*** Entries provided ***

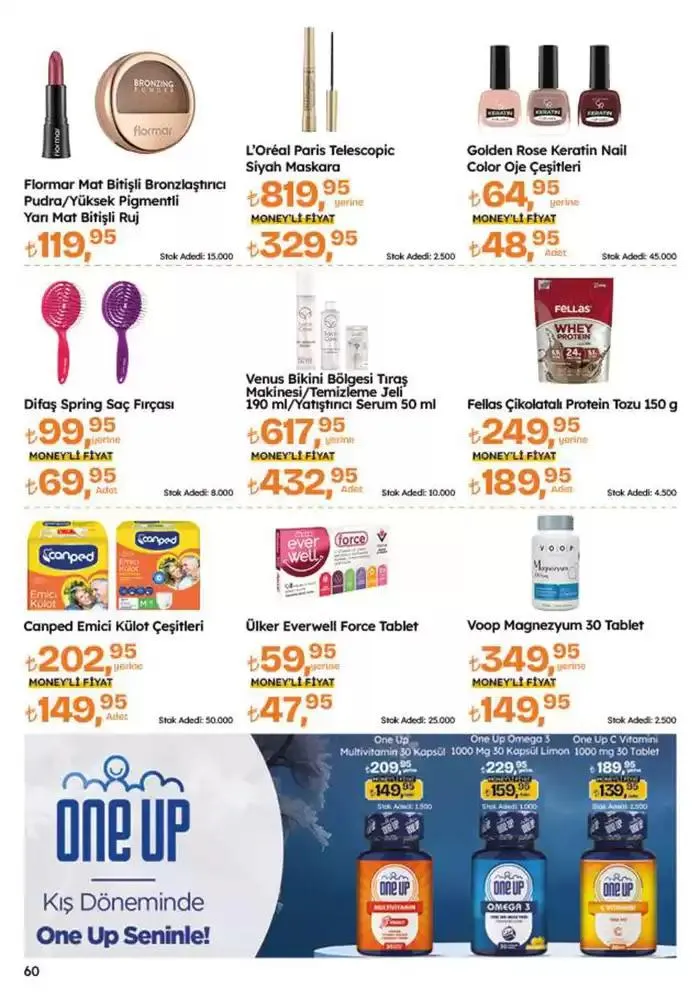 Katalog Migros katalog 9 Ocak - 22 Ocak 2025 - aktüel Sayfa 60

***
*** Entries provided ***

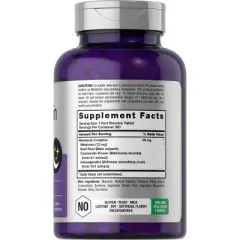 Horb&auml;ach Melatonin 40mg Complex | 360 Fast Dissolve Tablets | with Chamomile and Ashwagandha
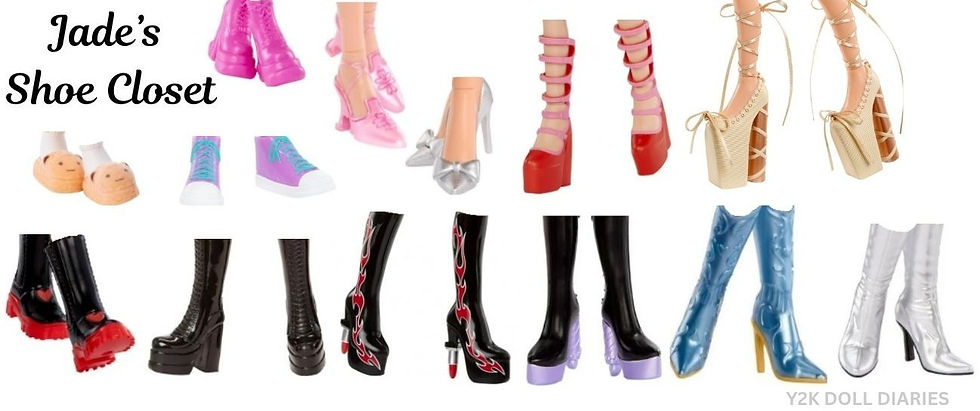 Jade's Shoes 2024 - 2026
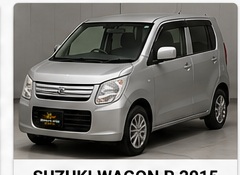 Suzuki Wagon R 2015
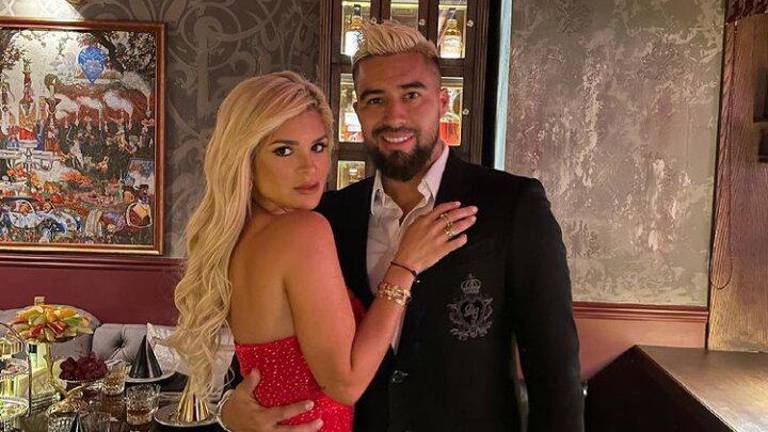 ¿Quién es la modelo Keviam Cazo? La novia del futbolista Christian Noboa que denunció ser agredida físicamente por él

***
*** Entries provided ***

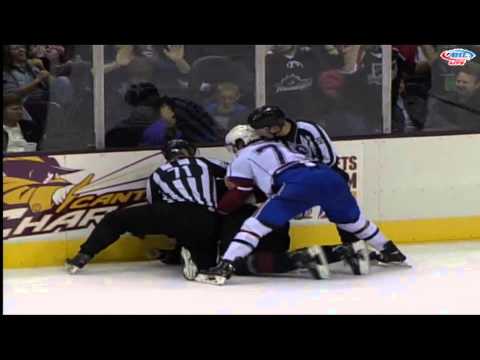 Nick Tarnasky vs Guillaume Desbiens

***

● Task brief
From the listing above, repeat only the lines between the line containing "Jade's Shoes 2024 - 2026" and the line containing "físicamente por él", those two included. Pictures are not part of the copy.

● Task solution
 Jade's Shoes 2024 - 2026
 Suzuki Wagon R 2015
 ¿Quién es la modelo Keviam Cazo? La novia del futbolista Christian Noboa que denunció ser agredida físicamente por él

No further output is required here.